(Scraped caption text data)
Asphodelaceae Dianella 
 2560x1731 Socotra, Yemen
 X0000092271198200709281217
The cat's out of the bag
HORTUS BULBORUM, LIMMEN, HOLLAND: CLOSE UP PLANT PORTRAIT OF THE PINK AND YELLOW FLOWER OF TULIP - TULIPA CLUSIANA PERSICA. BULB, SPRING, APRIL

§ **TRY IT**
Every entry, from top to bottom, should be repeated word for word.

§ **TASK RESULT**
Asphodelaceae Dianella 
 2560x1731 Socotra, Yemen
 X0000092271198200709281217
The cat's out of the bag
HORTUS BULBORUM, LIMMEN, HOLLAND: CLOSE UP PLANT PORTRAIT OF THE PINK AND YELLOW FLOWER OF TULIP - TULIPA CLUSIANA PERSICA. BULB, SPRING, APRIL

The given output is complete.